Durum, ana çizgileriyle şöyle özetlenebilir:
Bölgedeki sınırların değişmesinden yana olan ve Ortadoğu’da İsrail’in yanı sıra daha az maliyetli bir yeni stratejik ortak yaratmayı hedefleyen, bunun için ayrılıkçı, terorist örgütlerden vazgeçmeyeceğini, bunlara dokunulmasına göz yummayacağını açıkça ilan eden Trump yönetimi ile Türkiye arasındaki temel çıkar çatışması iyice belli olmuştur.

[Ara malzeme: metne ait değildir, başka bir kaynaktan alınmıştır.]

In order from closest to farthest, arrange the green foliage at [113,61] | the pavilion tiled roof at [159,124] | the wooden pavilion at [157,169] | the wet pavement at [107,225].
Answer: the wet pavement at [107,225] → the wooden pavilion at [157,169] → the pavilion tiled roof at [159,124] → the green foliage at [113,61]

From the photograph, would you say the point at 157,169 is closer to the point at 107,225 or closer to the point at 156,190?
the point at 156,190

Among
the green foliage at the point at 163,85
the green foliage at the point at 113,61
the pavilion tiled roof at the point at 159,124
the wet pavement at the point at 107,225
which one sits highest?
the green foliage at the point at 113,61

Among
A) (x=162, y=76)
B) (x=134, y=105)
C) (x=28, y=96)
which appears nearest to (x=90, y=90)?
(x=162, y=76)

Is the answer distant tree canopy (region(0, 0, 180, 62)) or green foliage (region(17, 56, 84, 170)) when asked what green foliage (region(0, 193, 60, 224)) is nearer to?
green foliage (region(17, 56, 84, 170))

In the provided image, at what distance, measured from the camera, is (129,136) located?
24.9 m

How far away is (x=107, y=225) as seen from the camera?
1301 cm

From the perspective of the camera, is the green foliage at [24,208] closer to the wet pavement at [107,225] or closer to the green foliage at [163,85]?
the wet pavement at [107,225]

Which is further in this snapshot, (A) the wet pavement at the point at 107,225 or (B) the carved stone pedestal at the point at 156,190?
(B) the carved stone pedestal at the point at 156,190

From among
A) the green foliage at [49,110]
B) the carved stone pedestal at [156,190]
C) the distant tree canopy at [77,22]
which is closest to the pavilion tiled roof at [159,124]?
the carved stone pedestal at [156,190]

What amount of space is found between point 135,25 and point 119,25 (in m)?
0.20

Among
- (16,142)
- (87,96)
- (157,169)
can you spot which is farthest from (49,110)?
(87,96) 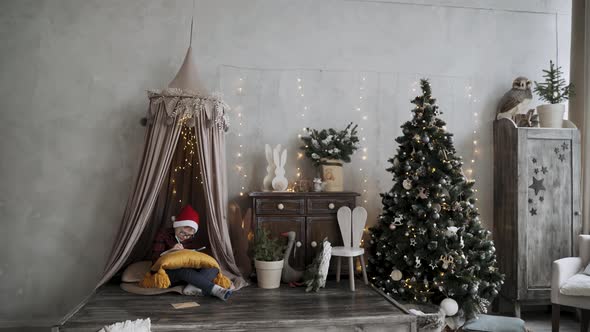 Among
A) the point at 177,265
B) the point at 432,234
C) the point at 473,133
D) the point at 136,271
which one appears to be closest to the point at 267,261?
the point at 177,265

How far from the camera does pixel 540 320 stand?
14.2ft

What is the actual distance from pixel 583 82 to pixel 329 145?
9.74ft

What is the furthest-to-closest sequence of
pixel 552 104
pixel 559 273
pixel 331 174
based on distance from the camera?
pixel 552 104
pixel 331 174
pixel 559 273

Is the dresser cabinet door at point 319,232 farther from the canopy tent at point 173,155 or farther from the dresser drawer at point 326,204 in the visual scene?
the canopy tent at point 173,155

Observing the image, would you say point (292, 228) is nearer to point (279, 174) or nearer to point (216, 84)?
point (279, 174)

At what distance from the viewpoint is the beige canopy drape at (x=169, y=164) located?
362cm

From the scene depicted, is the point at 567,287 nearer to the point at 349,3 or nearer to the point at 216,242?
the point at 216,242

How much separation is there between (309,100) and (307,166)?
732mm

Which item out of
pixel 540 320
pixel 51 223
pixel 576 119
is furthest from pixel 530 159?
pixel 51 223

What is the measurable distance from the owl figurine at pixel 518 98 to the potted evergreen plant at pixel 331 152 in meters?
1.77

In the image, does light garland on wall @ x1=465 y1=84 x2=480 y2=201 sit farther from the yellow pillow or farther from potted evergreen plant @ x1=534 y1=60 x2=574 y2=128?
the yellow pillow

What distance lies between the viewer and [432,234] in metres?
3.68

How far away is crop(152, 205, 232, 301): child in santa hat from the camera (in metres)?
3.44

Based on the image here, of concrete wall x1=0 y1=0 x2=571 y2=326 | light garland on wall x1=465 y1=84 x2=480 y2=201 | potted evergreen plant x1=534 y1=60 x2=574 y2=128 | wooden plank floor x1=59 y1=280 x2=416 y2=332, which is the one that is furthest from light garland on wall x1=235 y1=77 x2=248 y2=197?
potted evergreen plant x1=534 y1=60 x2=574 y2=128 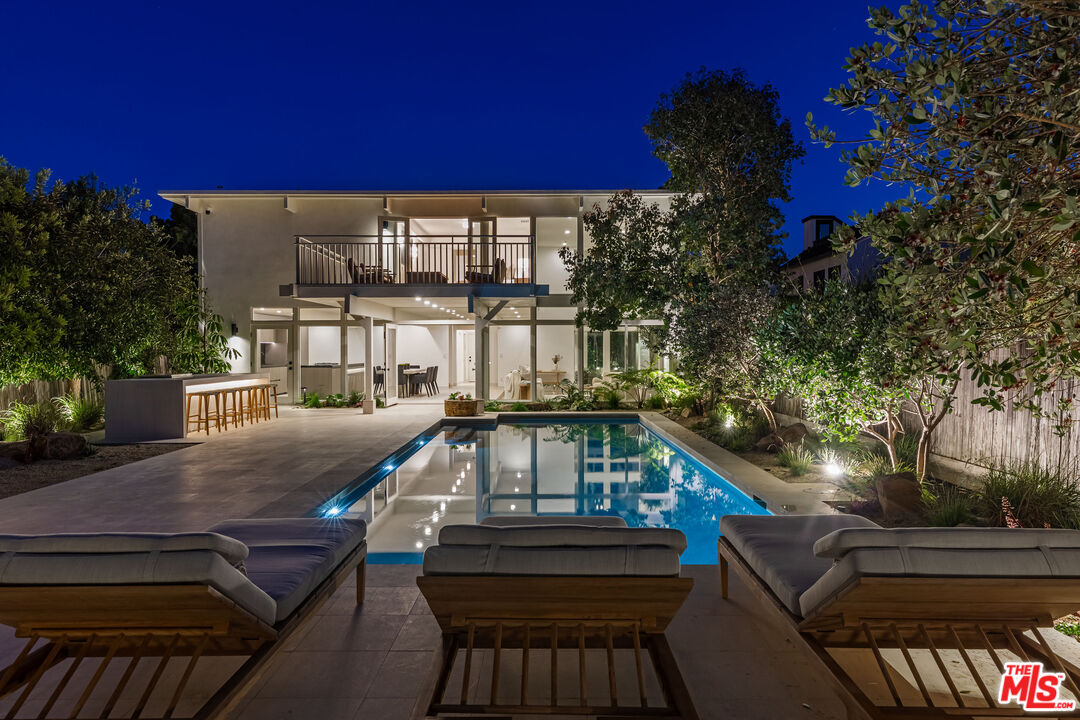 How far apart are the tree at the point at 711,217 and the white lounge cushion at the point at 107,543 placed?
23.3ft

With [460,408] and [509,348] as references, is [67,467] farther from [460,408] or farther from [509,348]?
[509,348]

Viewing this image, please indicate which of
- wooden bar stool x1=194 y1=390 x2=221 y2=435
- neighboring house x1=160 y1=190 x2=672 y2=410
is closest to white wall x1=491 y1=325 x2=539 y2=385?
neighboring house x1=160 y1=190 x2=672 y2=410

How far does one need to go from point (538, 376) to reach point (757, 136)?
817 cm

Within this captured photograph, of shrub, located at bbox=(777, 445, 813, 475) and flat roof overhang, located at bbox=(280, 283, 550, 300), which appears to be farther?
flat roof overhang, located at bbox=(280, 283, 550, 300)

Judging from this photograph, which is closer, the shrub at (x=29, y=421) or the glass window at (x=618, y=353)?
the shrub at (x=29, y=421)

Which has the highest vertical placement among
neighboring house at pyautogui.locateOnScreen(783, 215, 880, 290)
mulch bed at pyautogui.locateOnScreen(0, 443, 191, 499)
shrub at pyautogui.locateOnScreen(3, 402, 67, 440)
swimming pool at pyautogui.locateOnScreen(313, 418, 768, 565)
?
neighboring house at pyautogui.locateOnScreen(783, 215, 880, 290)

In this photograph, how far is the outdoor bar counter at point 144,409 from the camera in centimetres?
850

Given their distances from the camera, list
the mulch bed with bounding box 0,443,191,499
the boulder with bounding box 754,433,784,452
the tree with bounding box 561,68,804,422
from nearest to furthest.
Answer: the mulch bed with bounding box 0,443,191,499
the boulder with bounding box 754,433,784,452
the tree with bounding box 561,68,804,422

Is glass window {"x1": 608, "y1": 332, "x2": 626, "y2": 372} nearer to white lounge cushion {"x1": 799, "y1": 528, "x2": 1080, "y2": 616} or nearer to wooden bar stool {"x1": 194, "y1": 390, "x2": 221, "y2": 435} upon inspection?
wooden bar stool {"x1": 194, "y1": 390, "x2": 221, "y2": 435}

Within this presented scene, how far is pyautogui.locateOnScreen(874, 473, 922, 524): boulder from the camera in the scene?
441 centimetres

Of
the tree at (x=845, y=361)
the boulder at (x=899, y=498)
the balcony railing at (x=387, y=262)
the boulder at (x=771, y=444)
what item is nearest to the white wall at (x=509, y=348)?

Trump bir yandan sopa gösterirken, öte yandan da, Türkiye’nin daha fazla tepkisini çekmemek için, geçmişte yaşadıklarımızın ışığında ayrılıkçı terör güçlerini örtülü Amerikan koruması altına alacağı belli olan “güvenli bölge” uygulaması önermektedir.
***
Bu durumda Ankara’nın karşısında iki seçenek bulunmaktadır: Ya Astana süreci çerçevesinde, İran ve Rusya ile de anlaşarak ve uyum içinde, Suriye’nin toprak bütünlüğünün gerçekleşmesine yardımcı bir yol izleyerek, Kuzey Irak’ta YPG-PYD temelli bir ABD girişiminin önünü kesecek, ya da içerikten yoksun Suriye’nin toprak bütünlüğüne saygı türkülerini okurken, bölgedeki Amerikan politikasının doğrultusunda kendi bindiği dalı kesmeye yönelecek.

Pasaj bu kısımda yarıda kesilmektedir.